Task to complete = Could you restate word for word the lines running from the one with "Arapaho Flag Long" to the end of the data, both ends included, but without pictures?

Excerpted data =
□ □ □ □ □

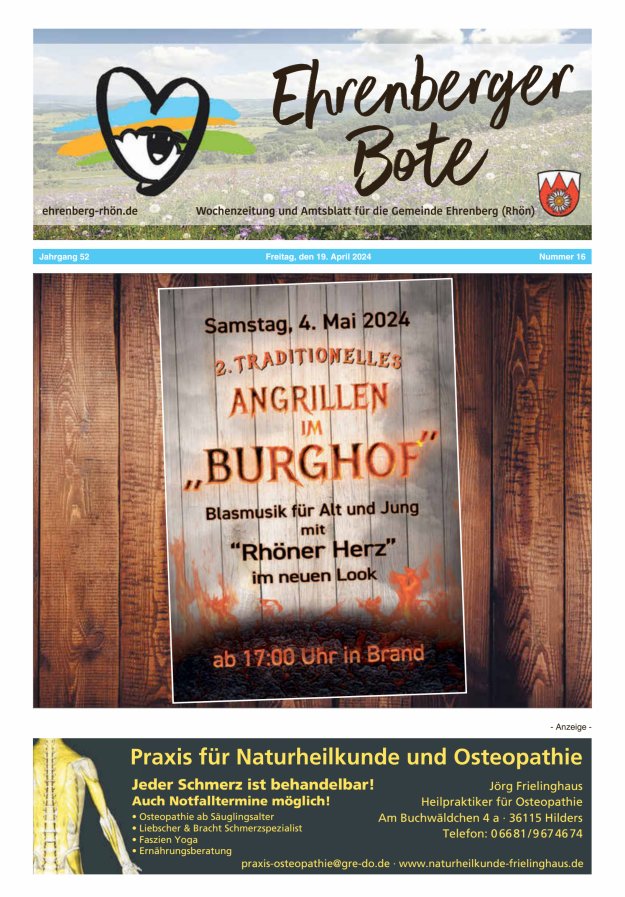 Ehrenberger Bote Titelblatt 16/2024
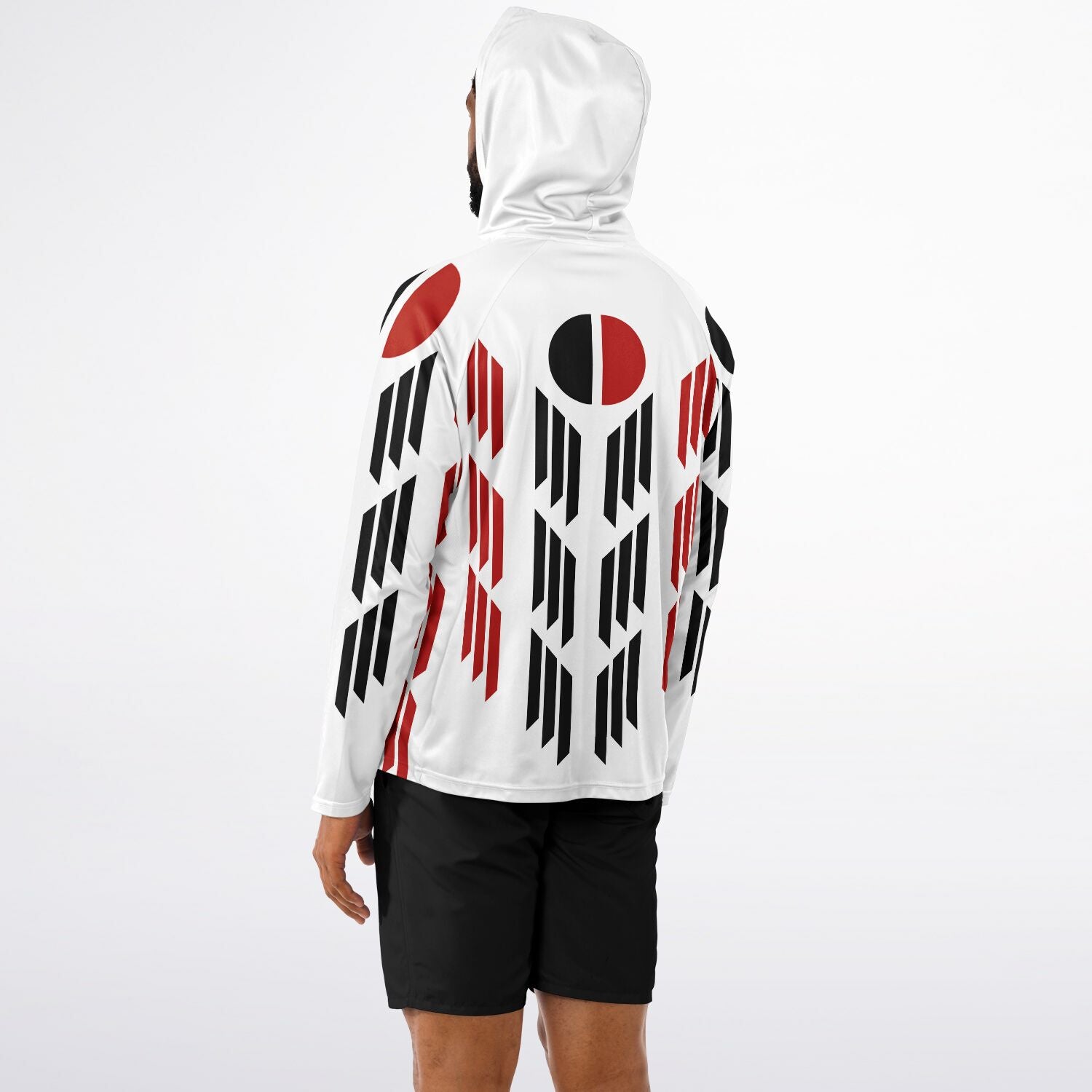 Arapaho Flag Long Sleeve Hooded Performance Shirt - AOP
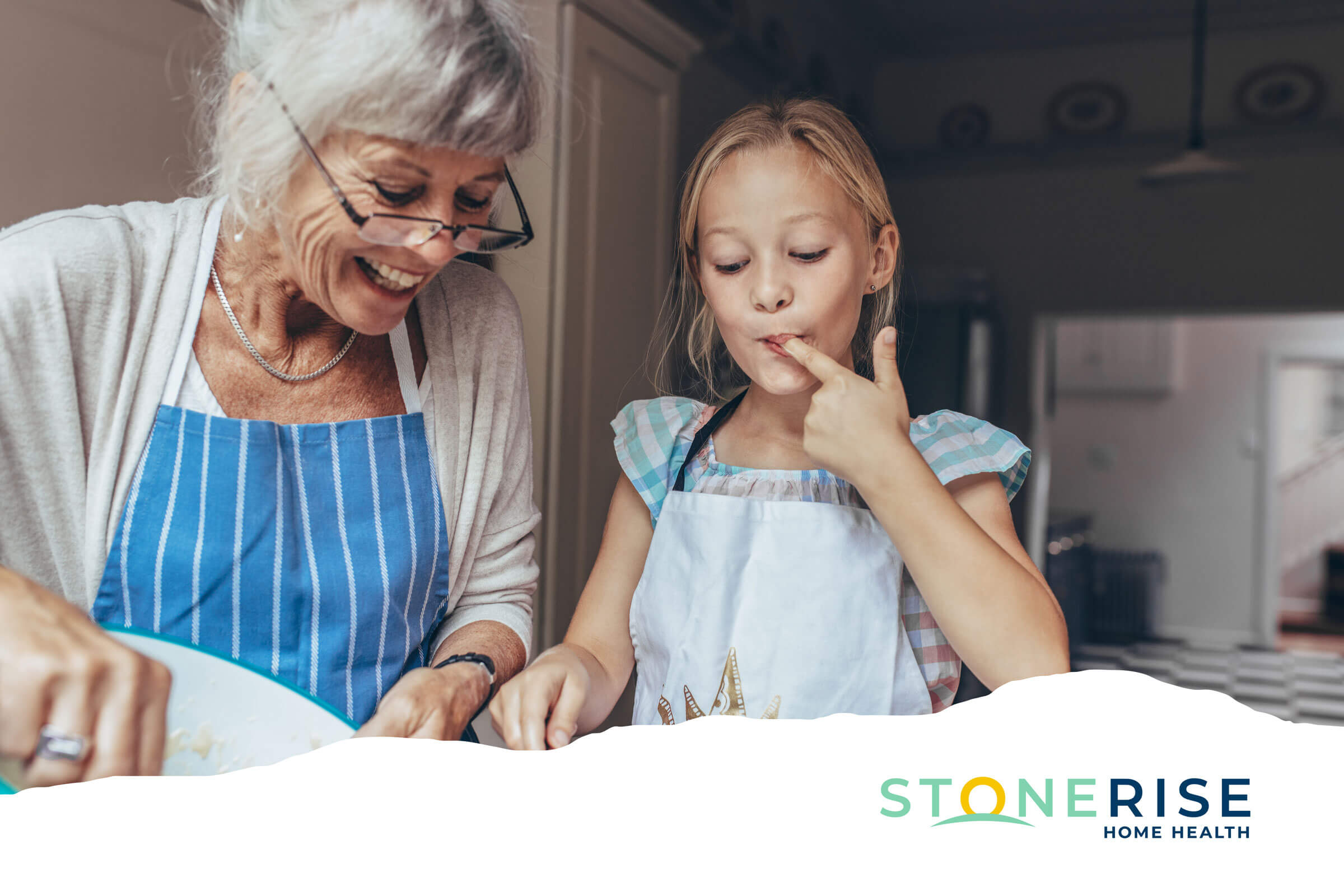 Stonerise branded photo of grandmother and granddaughter making cookies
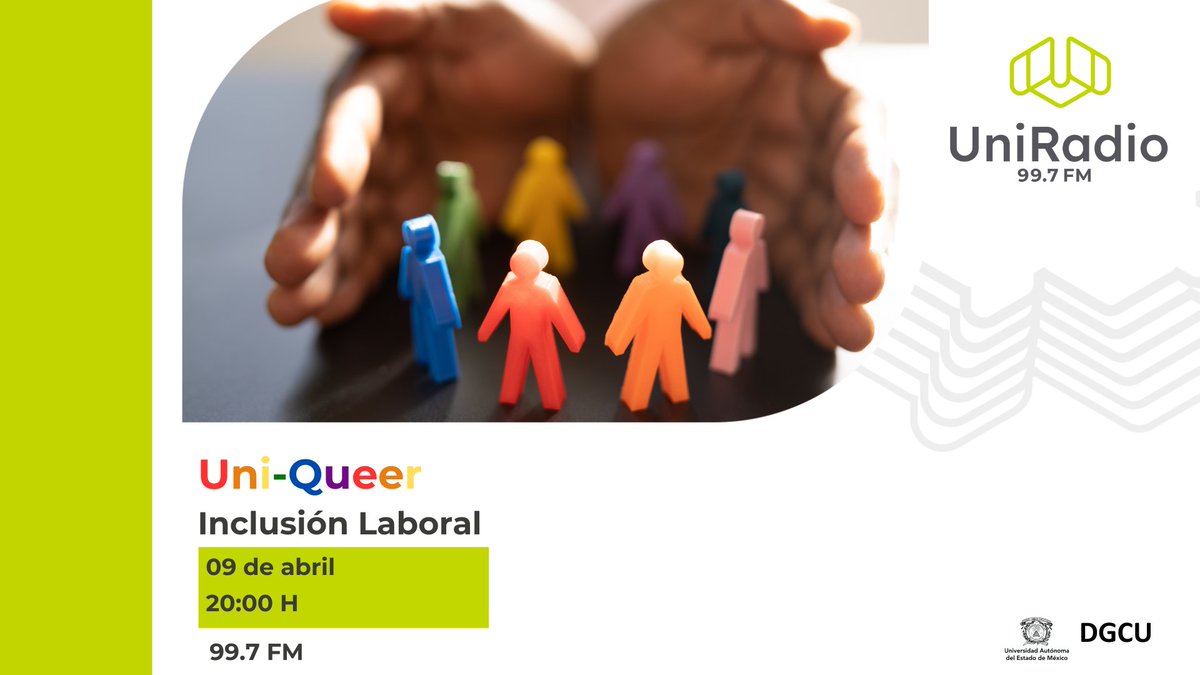 Este martes, en #Uni-queer, hablaremos de la inclusión laboral y la importancia de crear ambientes seguros para la comunidad LGBTIQQ+ en el trabajo. 💼✨ 🕘 20:00 h UniRadio 99.7 FM uniradio.uaemex.mx #UniRadioVaConmigo #SomosUAEMéx💚💛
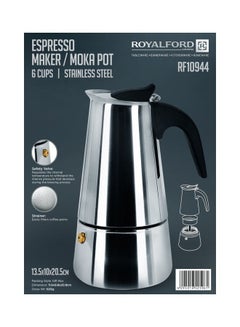 رويال فورد صانع اسبرسو من الستانلس ستيل / وعاء موكا - RF10944 | هيكل مقاوم للصدأ والتآكل بمقبض مريح | مزودة بصمام أمان ومصفاة | مثالي للاستخدام الداخلي والخارجي | فضة متعدد الألوان  - Image 5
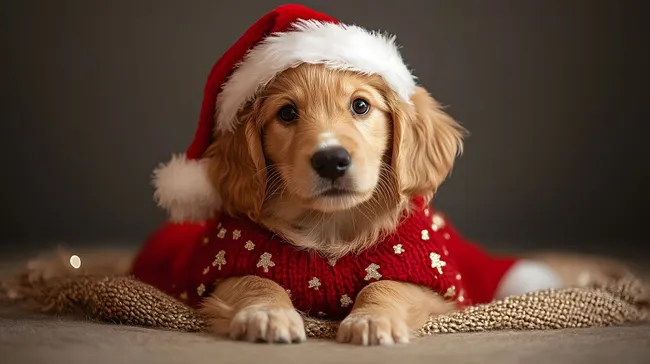 Süßer Retriever-Welpe im Weihnachtspullover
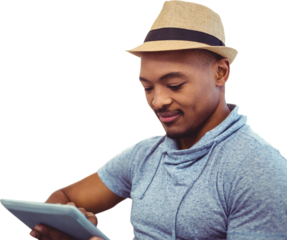 Digital png photo of happy biracial man using tablet on transparent background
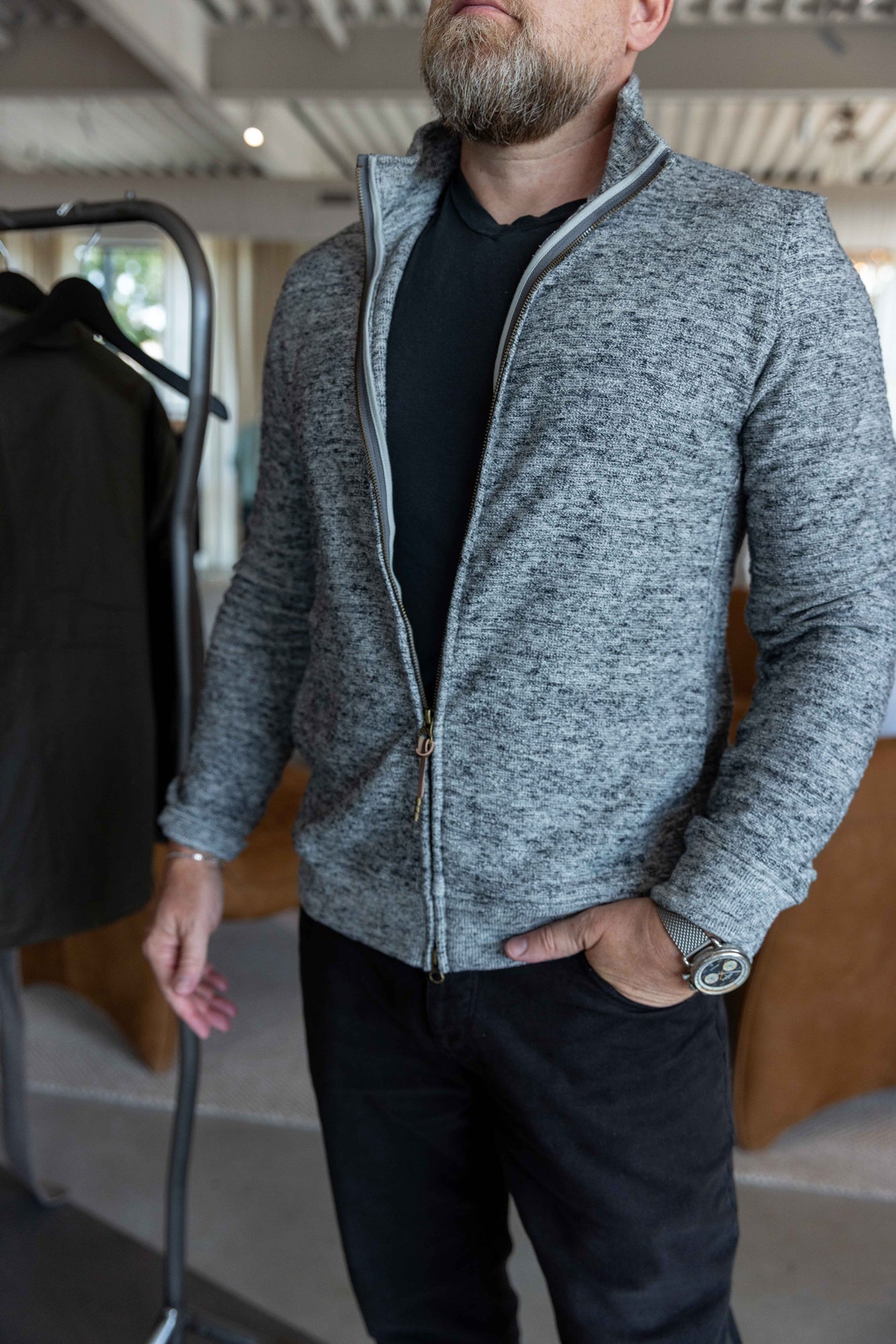 Billy Reid Numajiri Marled Slub Track Jacket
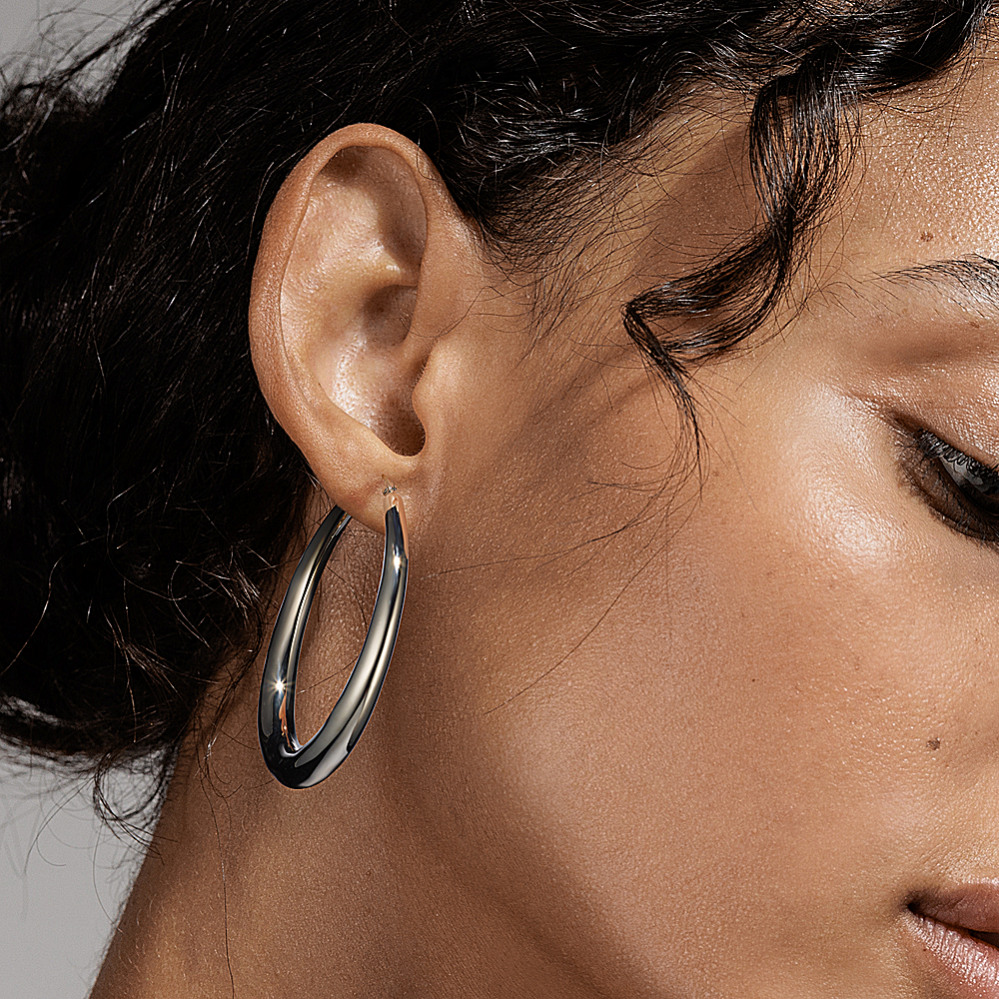 Oversized Graduated Sterling Silver Oval Hoops Shane Co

□ □ □ □ □

Solution below =
 Arapaho Flag Long Sleeve Hooded Performance Shirt - AOP
 Stonerise branded photo of grandmother and granddaughter making cookies
 Este martes, en #Uni-queer, hablaremos de la inclusión laboral y la importancia de crear ambientes seguros para la comunidad LGBTIQQ+ en el trabajo. 💼✨ 🕘 20:00 h UniRadio 99.7 FM uniradio.uaemex.mx #UniRadioVaConmigo #SomosUAEMéx💚💛
 رويال فورد صانع اسبرسو من الستانلس ستيل / وعاء موكا - RF10944 | هيكل مقاوم للصدأ والتآكل بمقبض مريح | مزودة بصمام أمان ومصفاة | مثالي للاستخدام الداخلي والخارجي | فضة متعدد الألوان  - Image 5
 Süßer Retriever-Welpe im Weihnachtspullover
 Digital png photo of happy biracial man using tablet on transparent background
 Billy Reid Numajiri Marled Slub Track Jacket
 Oversized Graduated Sterling Silver Oval Hoops Shane Co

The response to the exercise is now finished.